%%

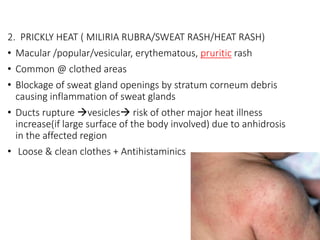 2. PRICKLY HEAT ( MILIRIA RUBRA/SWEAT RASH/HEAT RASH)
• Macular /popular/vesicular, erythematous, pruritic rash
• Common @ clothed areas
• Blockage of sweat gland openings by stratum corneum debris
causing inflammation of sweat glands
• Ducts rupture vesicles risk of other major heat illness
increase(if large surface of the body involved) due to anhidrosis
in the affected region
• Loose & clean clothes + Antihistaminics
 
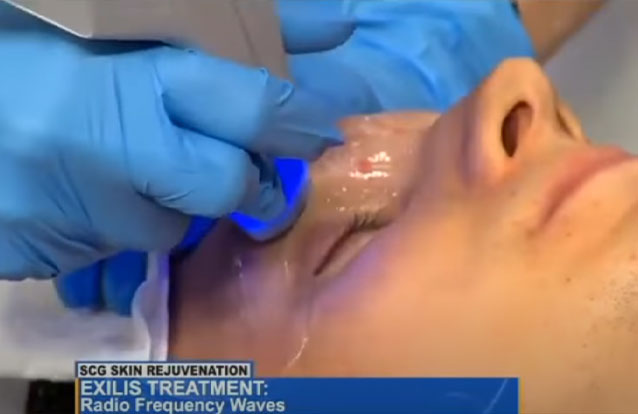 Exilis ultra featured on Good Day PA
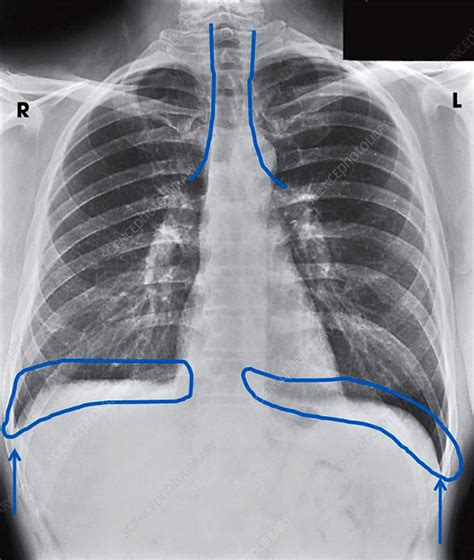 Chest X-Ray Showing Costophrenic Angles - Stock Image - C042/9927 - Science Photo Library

%%
%%

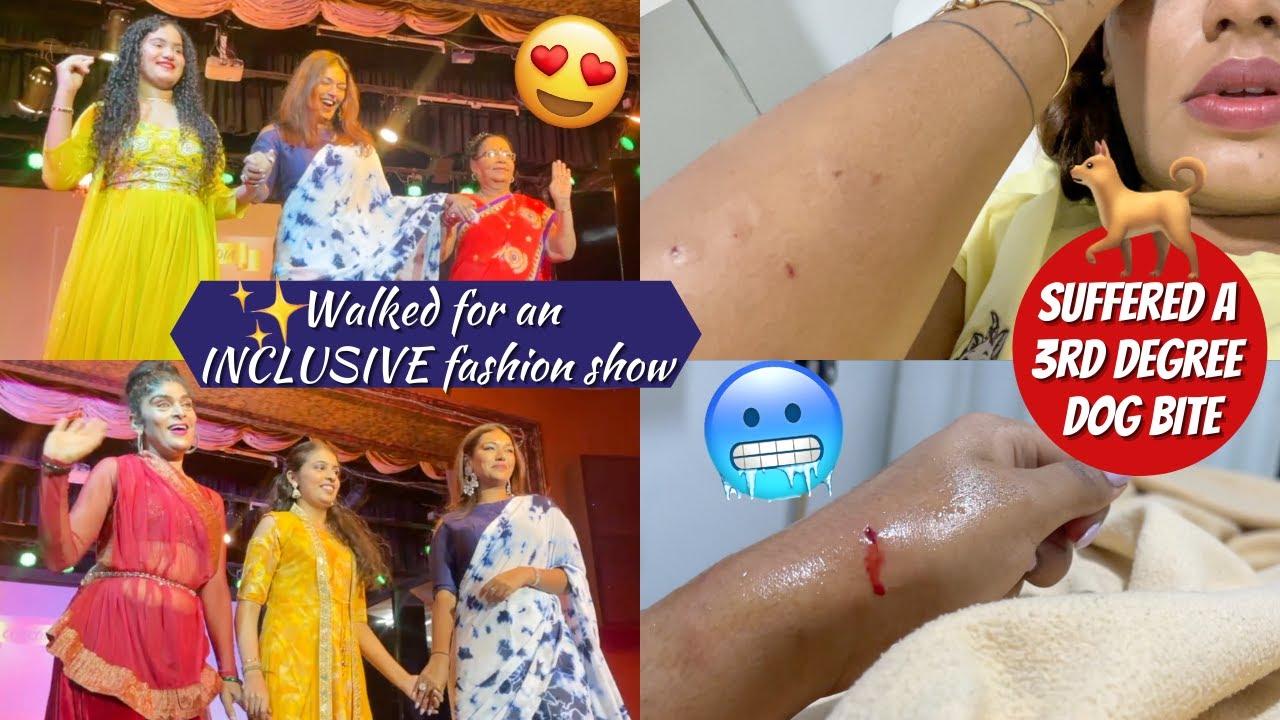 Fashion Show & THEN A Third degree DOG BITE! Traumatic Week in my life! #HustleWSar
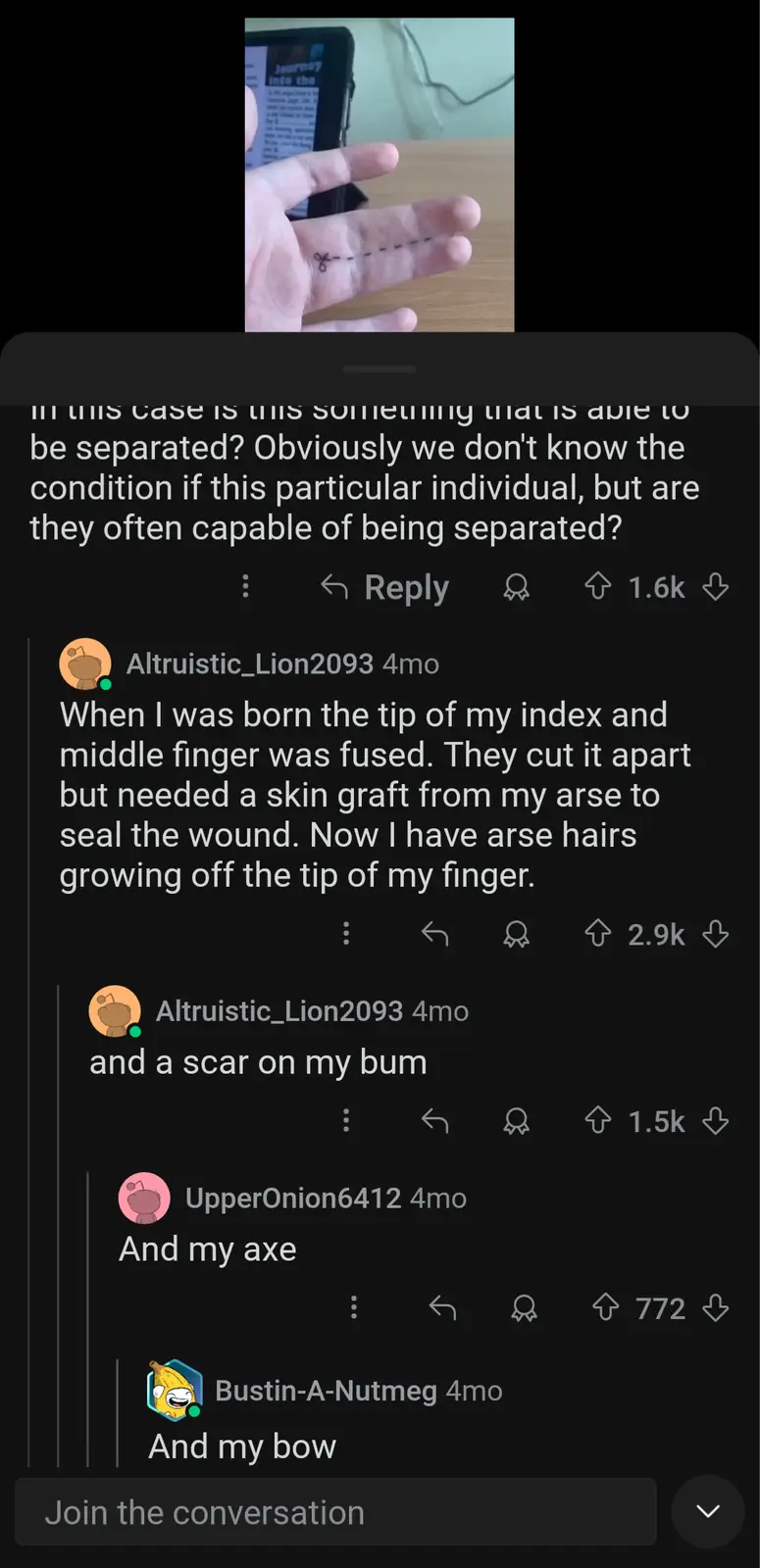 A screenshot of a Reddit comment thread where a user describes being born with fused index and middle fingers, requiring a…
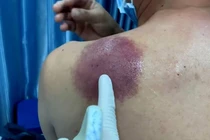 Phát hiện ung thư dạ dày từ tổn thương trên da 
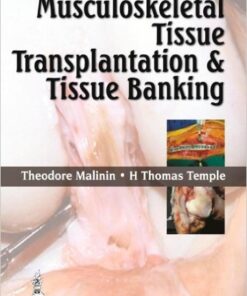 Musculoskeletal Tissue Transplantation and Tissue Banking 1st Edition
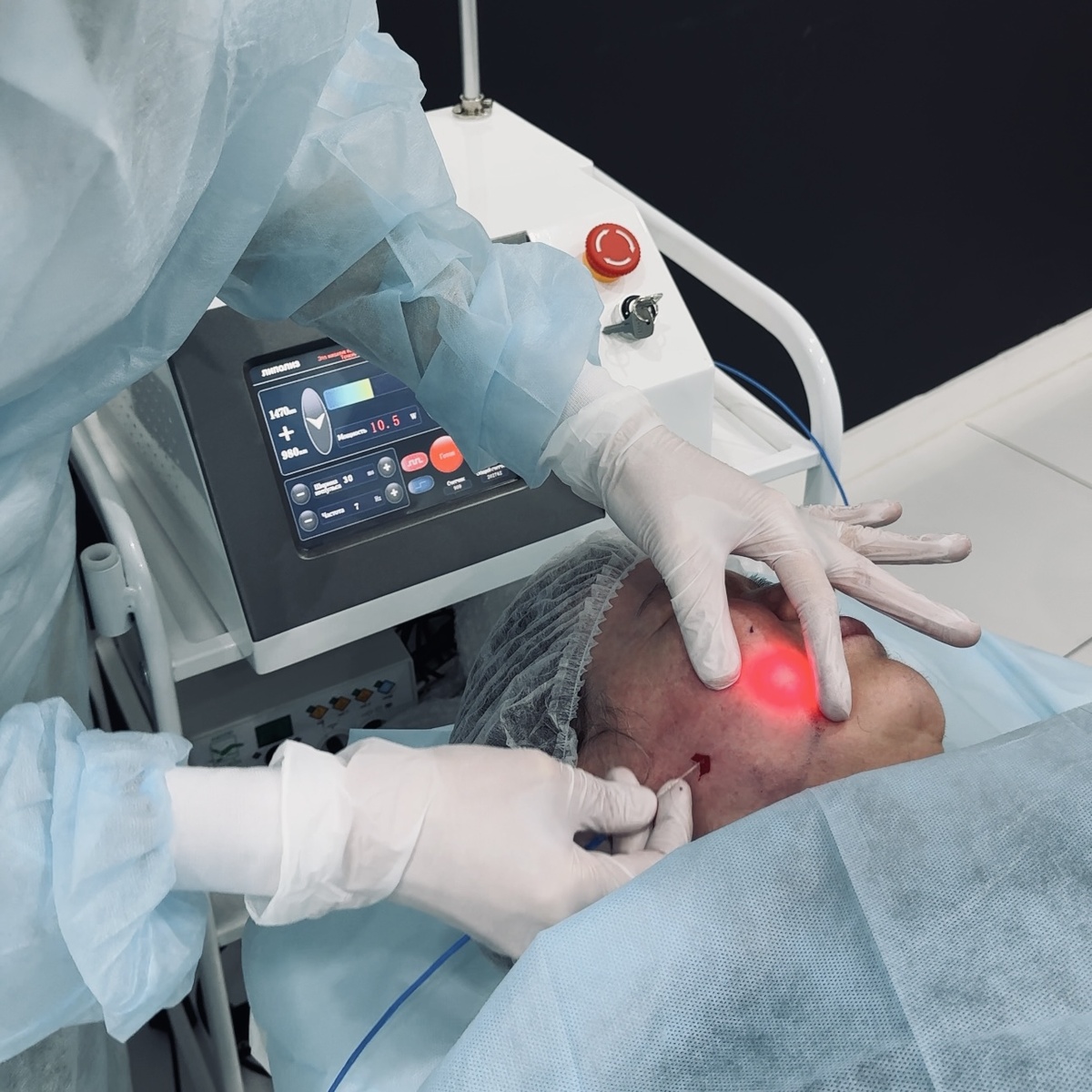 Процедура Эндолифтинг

%%
%%

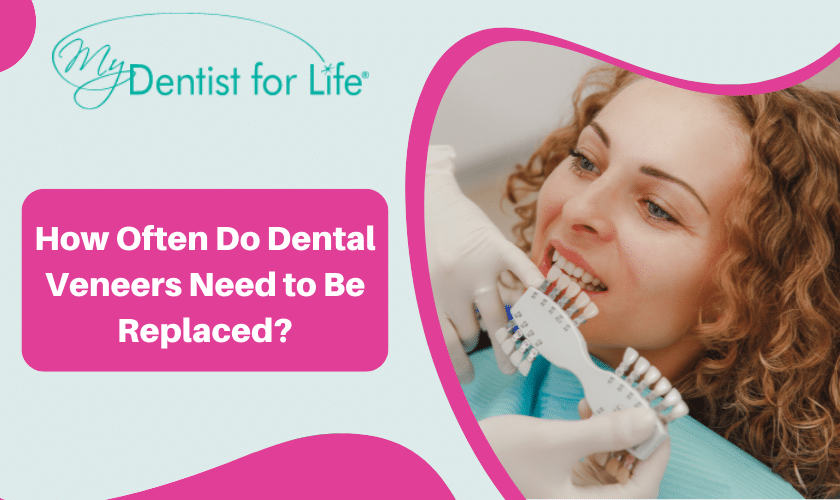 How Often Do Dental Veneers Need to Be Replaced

%%

Task details:
Look back over the records above. Reproduce exactly everything from the line with "Common @ clothed areas" down to the line with "Chest X-Ray Showing", inclusive, and leave the pictures out.

Result for this task:
• Common @ clothed areas
• Blockage of sweat gland openings by stratum corneum debris
causing inflammation of sweat glands
• Ducts rupture vesicles risk of other major heat illness
increase(if large surface of the body involved) due to anhidrosis
in the affected region
• Loose & clean clothes + Antihistaminics
 
 Exilis ultra featured on Good Day PA
 Chest X-Ray Showing Costophrenic Angles - Stock Image - C042/9927 - Science Photo Library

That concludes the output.